The task => When the line with "Perne de gât" turns up below, begin repeating exactly, and carry on through the line with "Load image into"; no pictures go into the copy.

Records provided =>
*** Block opens ***

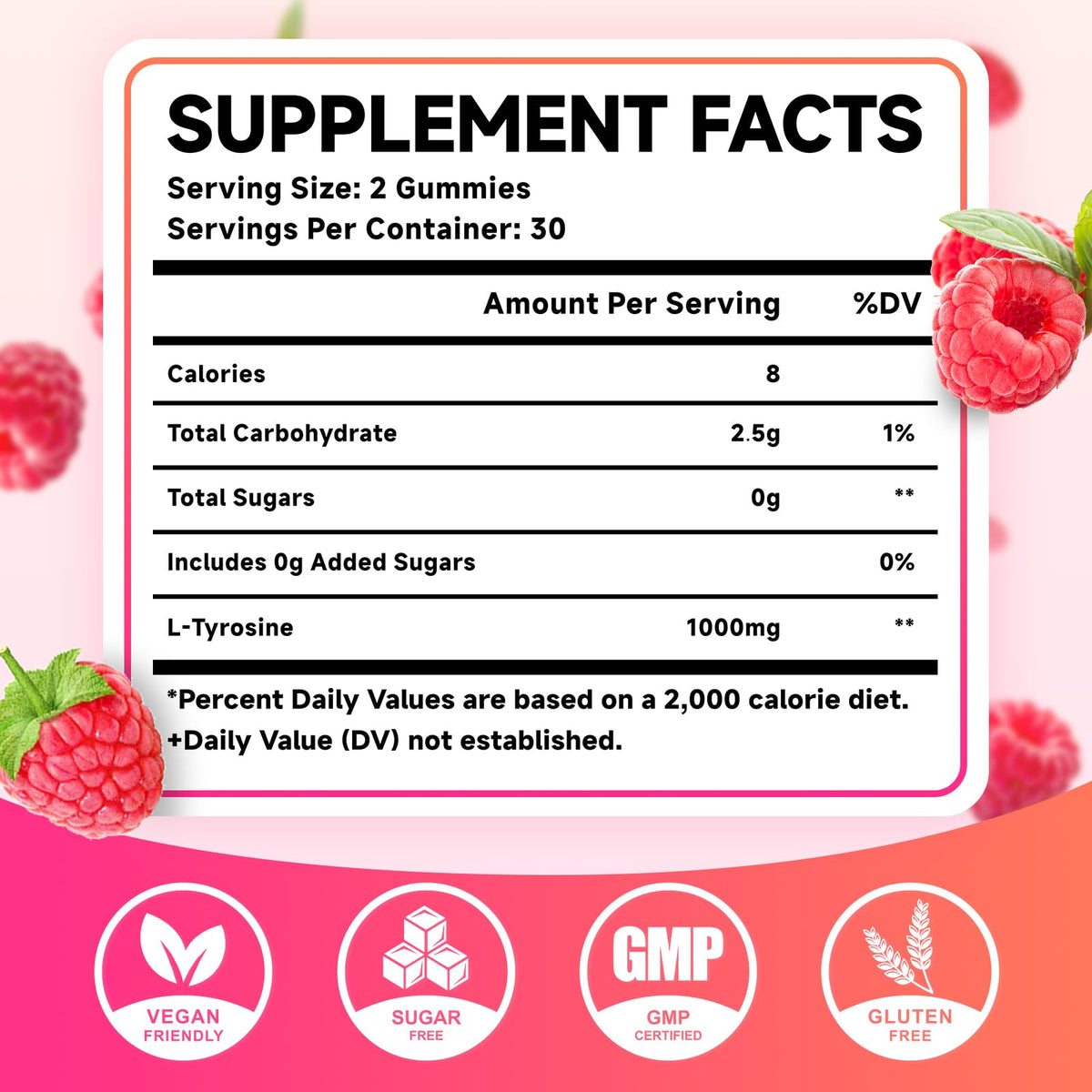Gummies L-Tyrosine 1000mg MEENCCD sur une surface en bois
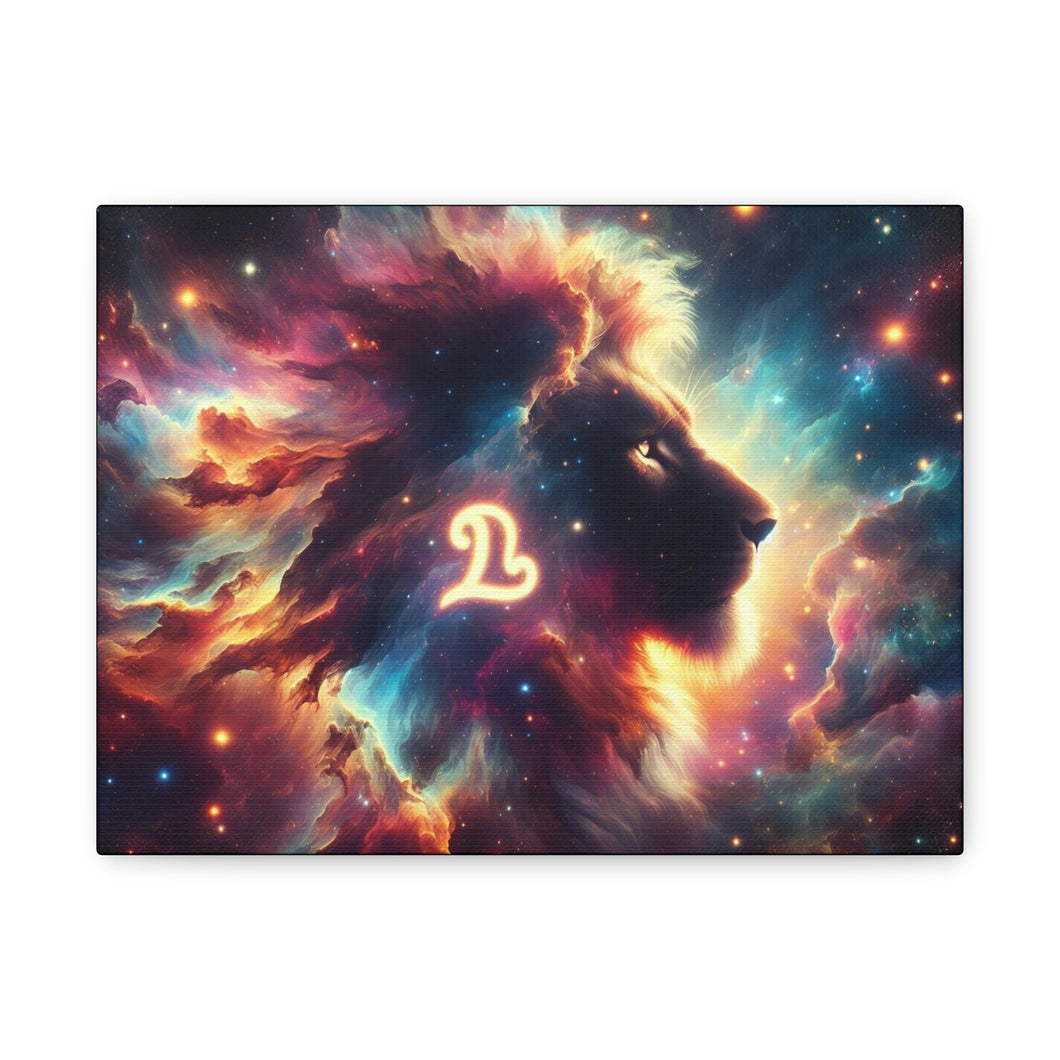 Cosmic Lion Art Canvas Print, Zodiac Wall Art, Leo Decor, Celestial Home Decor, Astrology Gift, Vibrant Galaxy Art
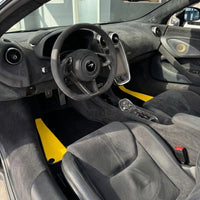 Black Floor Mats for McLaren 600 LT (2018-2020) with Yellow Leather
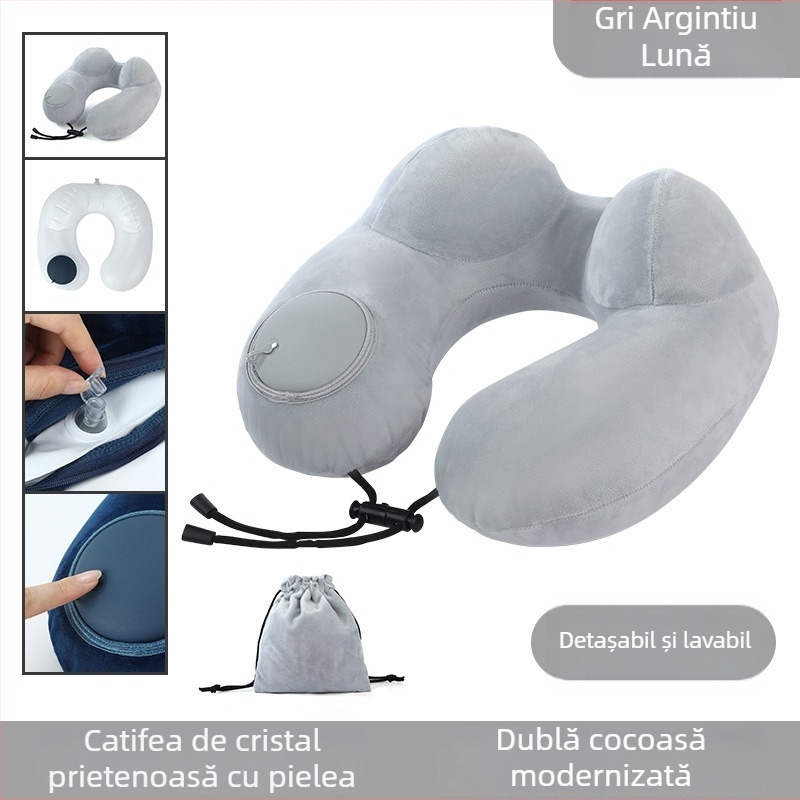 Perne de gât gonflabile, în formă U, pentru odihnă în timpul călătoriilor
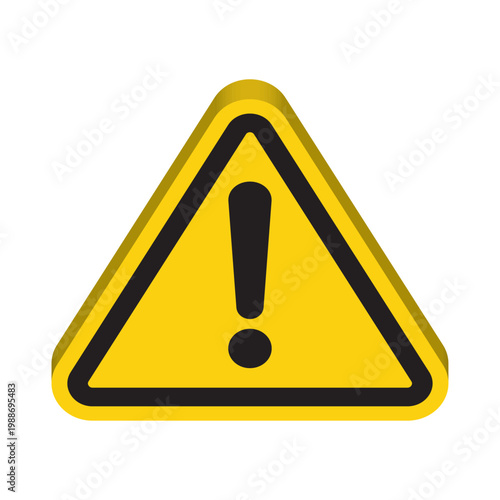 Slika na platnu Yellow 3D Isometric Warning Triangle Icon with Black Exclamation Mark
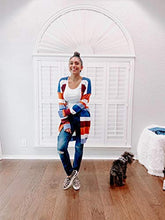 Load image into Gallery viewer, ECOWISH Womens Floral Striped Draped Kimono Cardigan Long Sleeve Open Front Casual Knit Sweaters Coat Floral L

*** Block closes ***
*** Block opens ***

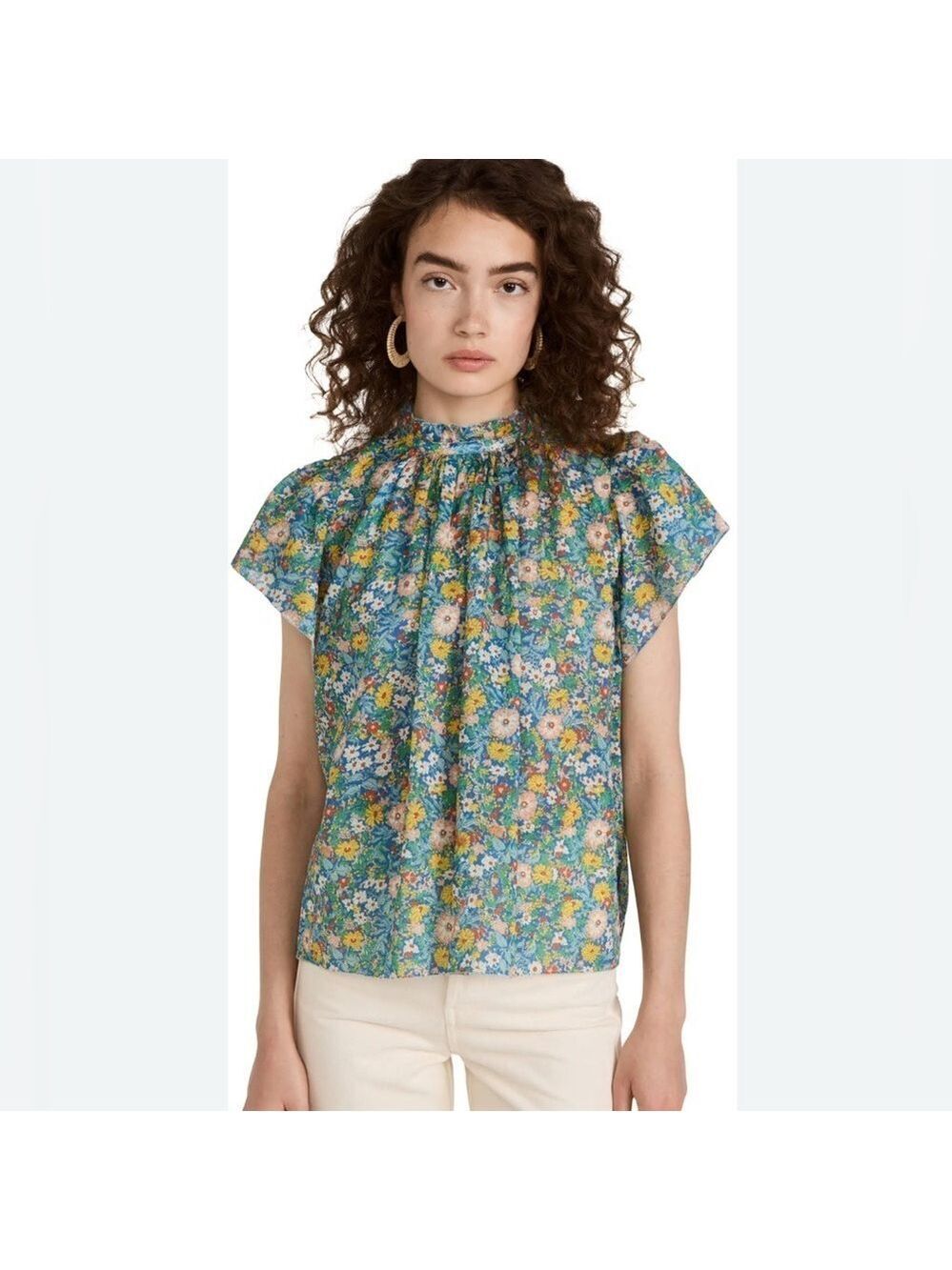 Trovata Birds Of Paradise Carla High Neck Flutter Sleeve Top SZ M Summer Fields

*** Block closes ***

Result of this exercise =>
 Perne de gât gonflabile, în formă U, pentru odihnă în timpul călătoriilor
 Slika na platnu Yellow 3D Isometric Warning Triangle Icon with Black Exclamation Mark
 Load image into Gallery viewer, ECOWISH Womens Floral Striped Draped Kimono Cardigan Long Sleeve Open Front Casual Knit Sweaters Coat Floral L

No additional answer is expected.